Cette situation est totalement anormale, puisque le règlement de l’Assemblée nationale prévoit, en son article 100, alinéa 6, que lorsque des amendements visent à modifier des textes dans un sens contraire, ils doivent être discutés simultanément, pour éviter que le vote de l’un n’empêche celui de l’autre. Malheureusement, cette disposition du règlement n’a pas été appliquée, faisant subséquemment tomber les amendements, ce que le député Balanant a qualifié d’ « effet de bord » involontaire… Voici la vidéo de la séquence où tout cela s’est passé, de 02’28 »34 »’ à 02’31 »02′‘.

Trop tard pour corriger ?

A la fin de la séquence, le député Balanant promet qu’il essaiera de trouver une solution pour que la discussion ait lieu, car elle « aurait dû avoir lieu« . Mais ce matin, son discours a été très différent – conséquence probable d’un contre-ordre du gouvernement… -, puisqu’il a indiqué qu’il était « trop tard » pour agir. Pourtant, en sa qualité de rapporteur à la commission, il est le seul – avec le gouvernement – à pouvoir impulser une réouverture du dépôt d’amendement ou à permettre le dépôt d’un sous-amendement.
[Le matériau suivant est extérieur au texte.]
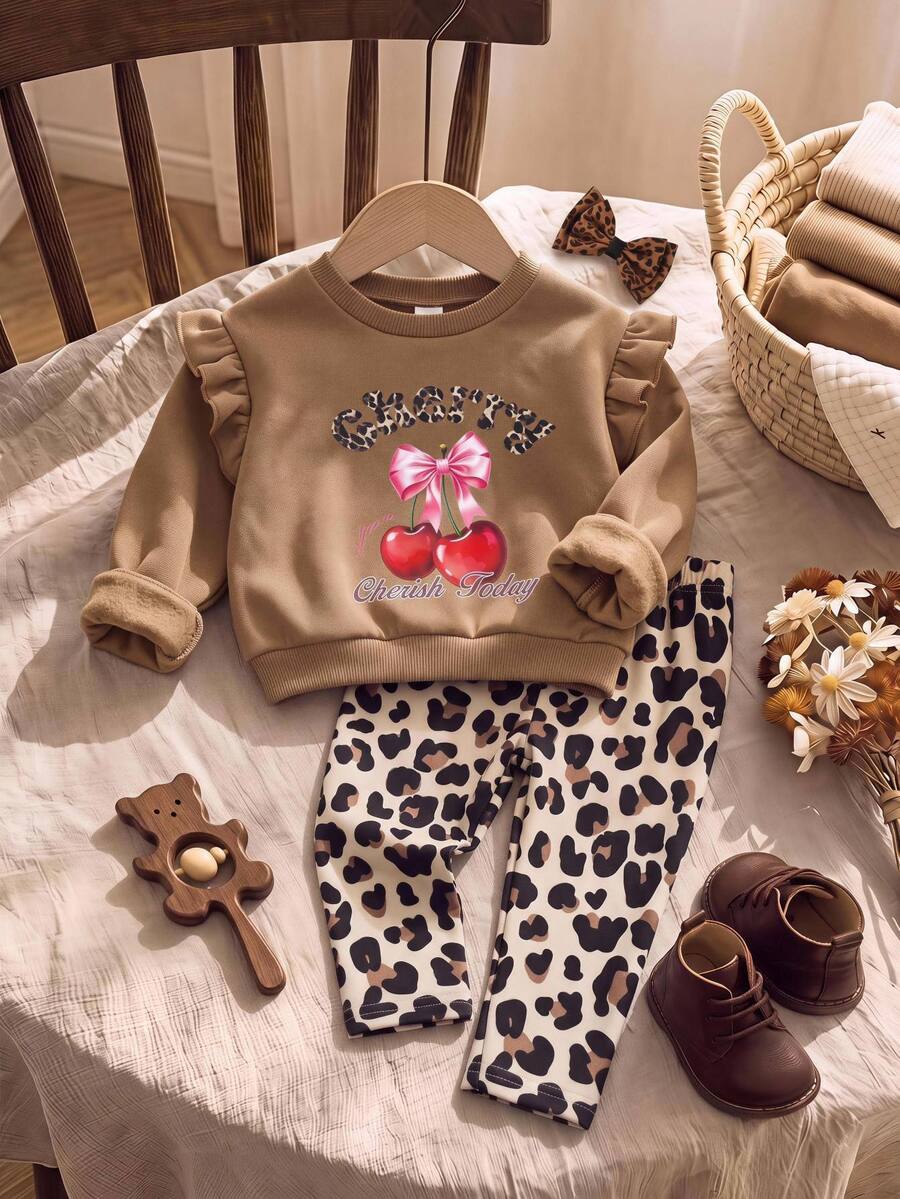 SHEIN Baby Girl Letter Cherry Pattern Long Sleeve Autumn Sweatshirt And Leopard Print Leggings Casual Daily Outfit - Brown - View 1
A l’heure où nous écrivons ces lignes, les députés sont en train s’activer pour qu’une solution soit trouvée, mais une issue favorable est désormais très incertaine, tant que le rapporteur Balanant et le gouvernement camperont sur leurs positions. Au déni démocratique de l’effacement du jury populaire, s’ajouterait donc le déni de la démocratie parlementaire, ce qui serait profondément inadmissible. A cet égard, il faut rappeler que la question de la généralisation des cours criminelles départementales est âprement débattue depuis plusieurs mois, que ce questionnement a largement été relayé dans les médias, et qu’à ce titre, la survenance d’un débat sur cette question dans l’Hémicycle serait la moindre des choses.

C’est la raison pour laquelle, au nom de l’association « Sauvons les assises ! » dont j’assure la présidence, et fort du soutien des milliers de personnes qui se retrouvent dans ce combat, je demande au débuté Balanant et au gouvernement de faire en sorte que le sujet de la suppression des CCD puisse être discuté à l’occasion des débats portant sur le projet de loi d’orientation et de programmation de la justice 2023-2027.

Le respect des exigences démocratiques les plus élémentaires est à ce prix.